### PROVIDED MATERIAL

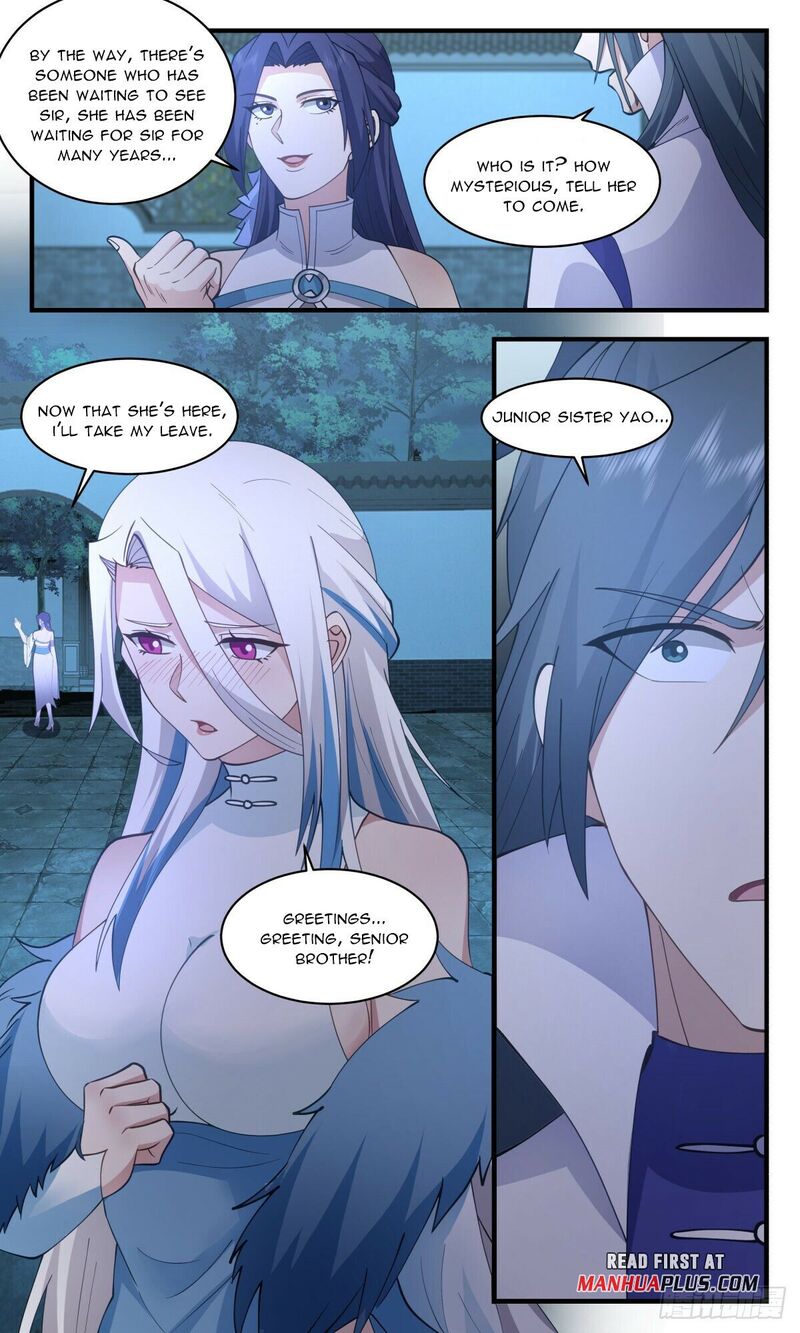 Martial Peak Chapter 2710 - page 9
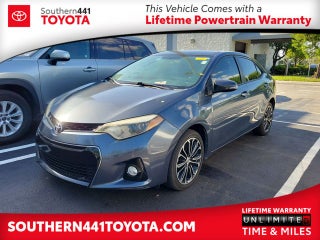 2015 Toyota Corolla S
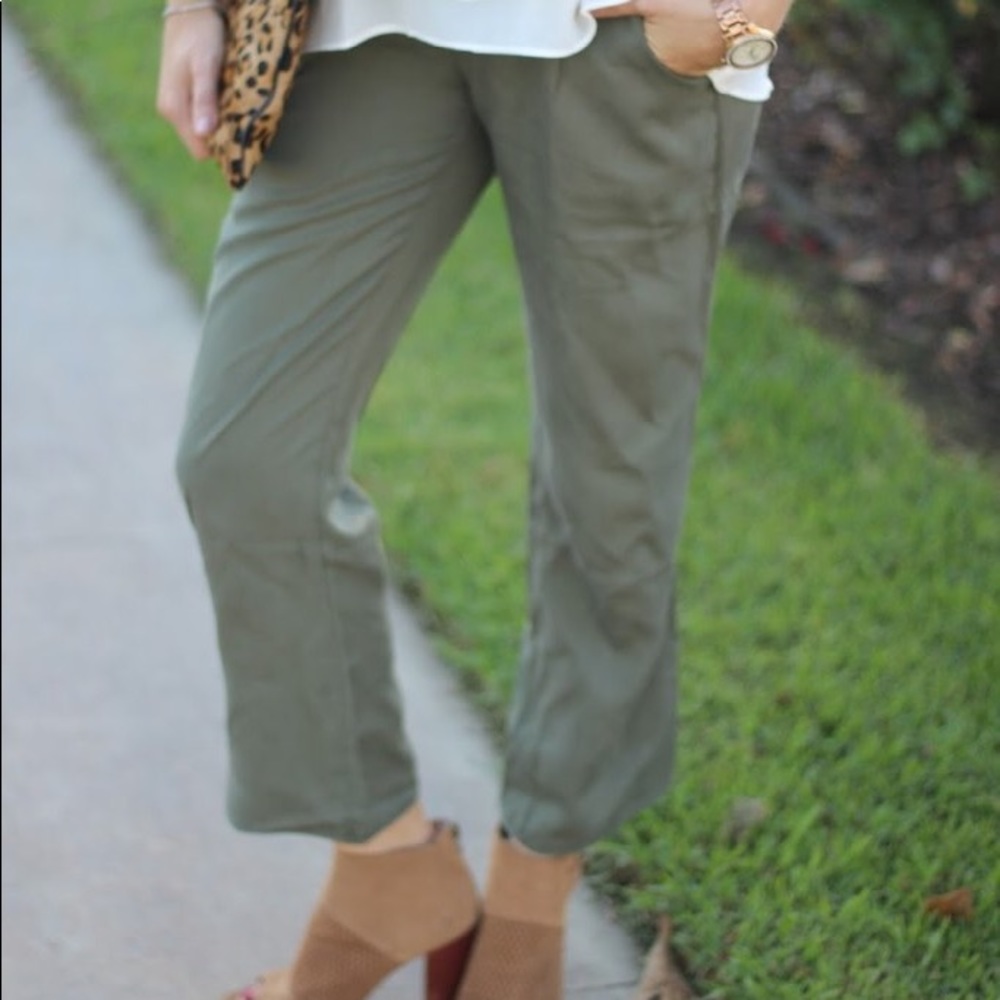 Threads 4 Thought Neve Pant Green Size M 194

### HOW TO COMPLETE THIS TASK
Restate the material above word for word, so that nothing changes except that the pictures are gone.

### SOLVED PROBLEM
 Martial Peak Chapter 2710 - page 9
 2015 Toyota Corolla S
 Threads 4 Thought Neve Pant Green Size M 194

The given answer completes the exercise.